Ok first saying the owner didn't care is a bit harsh. I am sure he knows the bird is missing but doesn't know what happened. Hawks, high wires and hunters take thier toll on racing homers. The club secretary is just being lazy and it isn't fair to you, the owner and most of all the bird. The owner should have been given the choice if he wanted the bird or not. Most probably he would not want the bird back, but just because the bird was not a good flyer does not mean it will not be a good breeder. Also most flyers, if asked, probably would have let you keep the bird anyway. Now with that being said, no you are not stealing the bird, you did try to find the owner. It is to bad I can't help with the band number, I do not remember those initials and it has been along time since I raced homers. Pigeons make great pets, this bird is yours now. enjoy.


----------



## RescueMe9962 (Aug 25, 2009)

Heres a good question...I have her wings clipped, one for HER safety because she crashed on her very first in home flight and I thought she would get hurt, and also because she almost killed a few very expensive waterford crystal..LOL

As you know its winter, and was pretty cold so she hasnt been outside since around sept. I have taken her outside while holding her just for a few minutes and she made absolutely no try at flying away..she sat just as calm on my hand outside as she does inside.

So my question is do you think I would be able to take her outside today for a few minutes and let her walk around in the yard while I follow her? We have a 6 foot fence, and her wings are clipped. Do you think it would be safe and good for her to go outside for a while? I have noticed she finds a patch on sunshine on the floor and she likes to bask in it..i think she wants sunlight...LOL

In the summer we eat dinner every sunday outside...I was hoping by the summer she would be able to hang outside with us...of course, as long as her wings are clipped. I did let her wings grow out twice already, and even with her flights she doesnt really fly in the house, just to get up on the back of a chair or something..or the one time I caught her sitting on the toilet seat...LOLOL...but she doesnt act like she cares either way that her wings are clipped...she will flap her wings sometimes and hop, but she even did that when she had her flights but didnt really want to go anywhere...LOL

Today its in the 50's and sunny...I would like to take her outside for about 10 minutes and let her run in the grass.....so peeps, I need your advice...should I or not?
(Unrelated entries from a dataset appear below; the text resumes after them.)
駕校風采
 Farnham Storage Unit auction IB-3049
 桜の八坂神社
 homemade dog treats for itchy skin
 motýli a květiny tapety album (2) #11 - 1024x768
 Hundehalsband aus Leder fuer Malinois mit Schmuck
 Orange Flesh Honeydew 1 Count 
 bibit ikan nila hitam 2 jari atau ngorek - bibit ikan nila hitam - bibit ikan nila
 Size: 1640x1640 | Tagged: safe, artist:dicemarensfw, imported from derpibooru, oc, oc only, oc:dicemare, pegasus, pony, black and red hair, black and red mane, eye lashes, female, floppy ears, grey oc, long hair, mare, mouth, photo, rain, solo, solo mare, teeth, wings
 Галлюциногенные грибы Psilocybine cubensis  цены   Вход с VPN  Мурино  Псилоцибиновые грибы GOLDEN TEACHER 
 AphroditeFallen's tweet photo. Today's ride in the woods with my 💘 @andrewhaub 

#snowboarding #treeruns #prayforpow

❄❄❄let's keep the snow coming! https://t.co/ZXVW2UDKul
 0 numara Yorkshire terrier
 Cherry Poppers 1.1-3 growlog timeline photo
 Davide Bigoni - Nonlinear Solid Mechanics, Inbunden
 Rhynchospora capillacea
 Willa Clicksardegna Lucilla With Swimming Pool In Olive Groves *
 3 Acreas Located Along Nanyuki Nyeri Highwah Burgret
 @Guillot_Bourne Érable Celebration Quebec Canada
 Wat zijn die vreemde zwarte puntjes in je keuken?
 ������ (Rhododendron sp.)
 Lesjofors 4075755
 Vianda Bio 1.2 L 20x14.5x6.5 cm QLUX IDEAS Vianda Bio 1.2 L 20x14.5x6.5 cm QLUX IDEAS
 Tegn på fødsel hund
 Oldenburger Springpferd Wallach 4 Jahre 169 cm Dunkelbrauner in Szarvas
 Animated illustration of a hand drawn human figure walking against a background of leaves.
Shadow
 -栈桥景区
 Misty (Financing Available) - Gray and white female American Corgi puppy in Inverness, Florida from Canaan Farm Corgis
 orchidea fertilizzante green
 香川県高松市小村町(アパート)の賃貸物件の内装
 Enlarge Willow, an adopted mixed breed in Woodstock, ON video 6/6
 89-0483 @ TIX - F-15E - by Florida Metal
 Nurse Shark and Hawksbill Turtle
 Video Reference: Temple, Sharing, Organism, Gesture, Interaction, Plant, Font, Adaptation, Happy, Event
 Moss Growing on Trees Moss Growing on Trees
Oh, I also do have a flightsuit for her with a leash...but i put the suit on her when I only had her a couple weeks and she freaked...she may be better with it now that she totally trusts me...If I can only remember where I put the flightsuit! LOL...I will have to look for it..


----------



## RescueMe9962 (Aug 25, 2009)

AND...if she was ever to get out and try to go home, which home do you think she would go to? Do you think she would try to find her original home or do you think she now thinks this is her home? While she was outside when I first got her I would take her around so she knew where she was...so she would recogize it...

So what happens to a rescued homer that may escape? Do they usually go back to their original home and do "pigeon things" or stay where they get spoiled, kissed, snuggled and kept safe?


----------



## c.hert (Jan 15, 2010)

*To Rescue me 9962*

A very lucky pigeon and very glad that you have it and it will teach you a lot about birds and their way of life...bless C.Hert


----------



## Georgina (Jun 24, 2008)

Glad I helped out with the link - I'm guessing you forgot you put it in the album huh?? LOL! 

I'm not really a pigeon expert - I aquired my fancy cross breeds entirely by accident - but I have a little advice that may or may not be useful...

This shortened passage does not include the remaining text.